• [YOUR ASSIGNMENT]
Which lines below fall between the one containing "OFSOWITZ Michael Abraham" and the one containing "Dagi Salmon Polo T-shirt"? Repeat them exactly, counting both of those lines, and add nothing else.

LISTED ENTRIES section start

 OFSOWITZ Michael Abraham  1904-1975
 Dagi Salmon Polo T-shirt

LISTED ENTRIES section end
LISTED ENTRIES section start

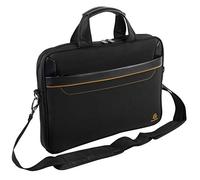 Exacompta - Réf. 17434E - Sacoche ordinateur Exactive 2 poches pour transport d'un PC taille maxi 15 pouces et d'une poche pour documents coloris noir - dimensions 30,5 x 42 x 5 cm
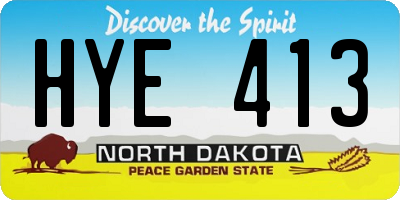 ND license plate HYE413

LISTED ENTRIES section end
LISTED ENTRIES section start

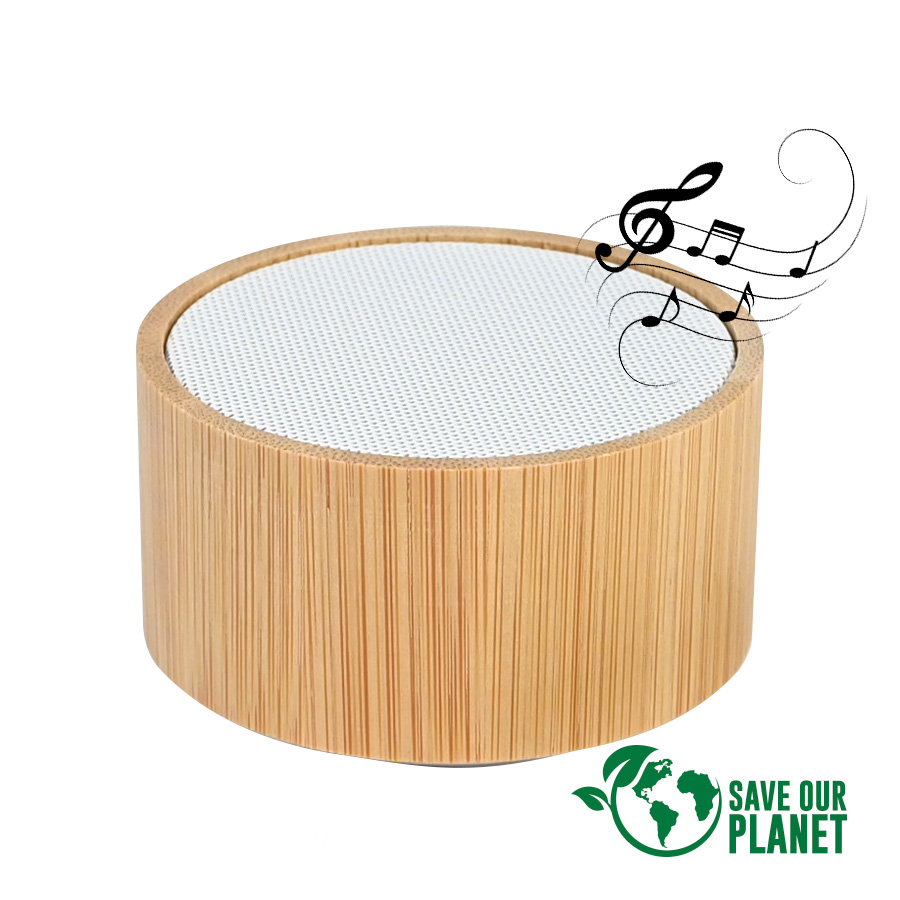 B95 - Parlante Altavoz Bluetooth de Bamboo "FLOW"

LISTED ENTRIES section end

• [YOUR SOLUTION]
 OFSOWITZ Michael Abraham  1904-1975
 Dagi Salmon Polo T-shirt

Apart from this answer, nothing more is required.